If I am trying to learn a song note for note, I usually start by transcribing it. I make a loose chart that basically shows the different beats in the songs and counts the bars or repeats, then I will do a full transcription of any measures with fills. Then I play along to the song a few times, and check my transcription and make corrections.

Then a few more times of playing it and it will be memorized.

I have a playlist on my ipod called drum covers and I usually put that playlist on random and play along to the songs that I have learned.
 

Concrete Pete

Senior Member
Hey Crew,

What Brundlefly said!

One thing that has helped me immensely is to download the songs on my MP3 player, and listen to them repeatedly while working, driving, shopping, etc.

I use LIMEWIRE for free MP3 downloads-- great asset.

Cheers,
C. P.
 

yesdog

Silver Member
Most rock songs are fairly predictable, I first get the tempo and feel, and find the key fills that make the song what it is. After that I figure out how many times the verses and choures repeat and when there are breaks in the song. For very challenging stuff like tears of joy for example, I would break the song down into little pieces like learning the first eight bars or the first four bars. when I get that down i go on to the next part , then play the first ywo parts together and move on to the next, until you get it nailed.
 

ChipJohns

Senior Member
If I have a recording I listen to it. If there are some parts hard to figure out, I'll write them out.

Learning the notes is usually pretty quick. Next is learning the blocking of the song.
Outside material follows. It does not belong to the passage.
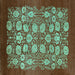 Square Oriental Turquoise Industrial Rug, urb852turq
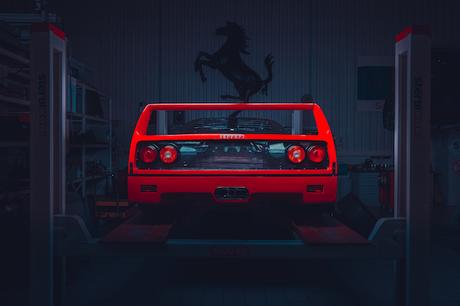 PHOTOGRAPHIE : Le Clair-Obscure Vs Voitures par Rudolf Van der Ven ! FerrariF40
Have a good friend (Keyboards) who went to Berkley. He played in an band I was in early on when he was still in 10th grade. He played with Scott Ambush when Scott was still in Frederick, MD, (my hometown,) right before he left for SG. After he was back from school we needed him to fill in on last minute notice. In between sets we were out in a car and he was listening to cassettes of our song lists. Then going in and playing them cold, and, we were playing some interesting stuff a the time... I was always jealous of that..!!
 

BassDriver

Silver Member
Most rock songs are fairly predictable, I first get the tempo and feel, and find the key fills that make the song what it is. After that I figure out how many times the verses and choures repeat and when there are breaks in the song. For very challenging stuff like tears of joy for example, I would break the song down into little pieces like learning the first eight bars or the first four bars. when I get that down i go on to the next part , then play the first ywo parts together and move on to the next, until you get it nailed.
Agreed. If one listens to songs that use odd-time signatures (Meshuggah, Tool, Dream Theater), one would also have to count in the bars to find the time signatures, you can't always assume that all music is in 4/4.